Phish submissions
As part of your email configuration, administrators and email recipients can submit missed phish samples to Area 1 Service Addresses so Cloudflare can process them and take necessary action.
Sometimes phish is missed as Cloudflare Area 1 uses several techniques to make a detection. These include preemptively crawling the web to identify campaigns, machine learning, custom signatures, among others. In order for Area 1 to identify why phish was missed, we need to run the original samples through our module and identify why some of our modules did not score the sample high enough to elevate it to malicious.
How to submit phish
There are two different ways to submit a phish sample:
User submission: Submitted directly by the end users, and used with phish submission buttons.
To learn more about user-submitted phish, refer to the following documentation:Team submission: To be used when IT administrators or security teams submit to Area 1. Submit original phish samples as an attachment in EML format to the appropriate Team Submissions address.
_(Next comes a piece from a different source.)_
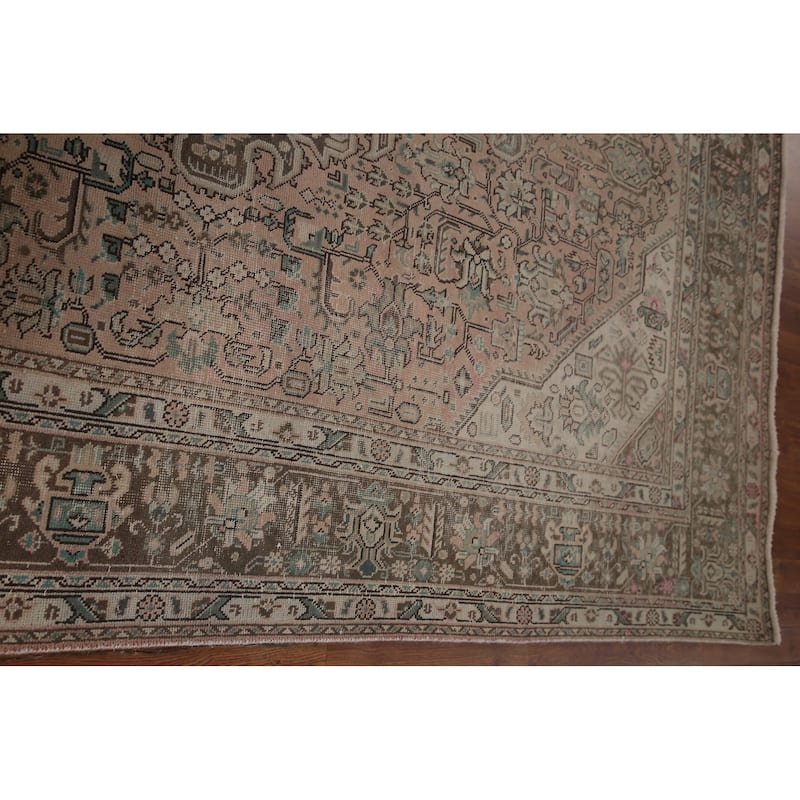 Handmade Distressed Tabriz Persian Rug Antique Living Room Wool Carpet - 6'5" x 9'7"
For example, if you think an email should be marked as spoof, send it to the
SPOOF
address listed in Team Submissions.
Phish samples submitted to this address will be considered as submissions from the customer’s email security team. This increases the chances of similar samples being detected as malicious in the future.
What happens after a phish submission
After you or your users submit a phish sample, Area 1 adds that sample directly into our machine learning (ML) queue for learning. Some samples will be directly converted to MALICIOUS
upon going through machine learning and the rest will be further processed by our ML module.
Phish submission feedback
Use the following keywords to search for submitted phish samples on Area 1 portal detection search:
phish_submission
user_malicious_submission
team_malicious_submission
On the Reasons column you will see the feedback regarding the messages found. If the ML module learns and detects it as phish, the Reasons column shows the details regarding it. If not, the information on this column shows up as phish submission
.
If there is a phishing email that is repeatedly sent to users despite being submitted to Area 1 for processing, contact support with the details of the problematic phish submission sample (alert ID or message ID of the sample).
Phish Submission Response (beta)
Phish Submission Response (PSR) is an additional layer of protection. When you enable PSR, Area 1 will automatically retract messages reported by users which are also deemed malicious by Area 1 after analysis. This feature uses machine learning margin scores by adding the user as an additional neuron into Area 1’s neural network.
To enable PSR:
- Log in to the Area 1 dashboard.
- Go to Settings (the gear icon).
- In Email Configuration, go to Retract Settings > Auto-Retract.
- Enable Phish Submission Response (Beta).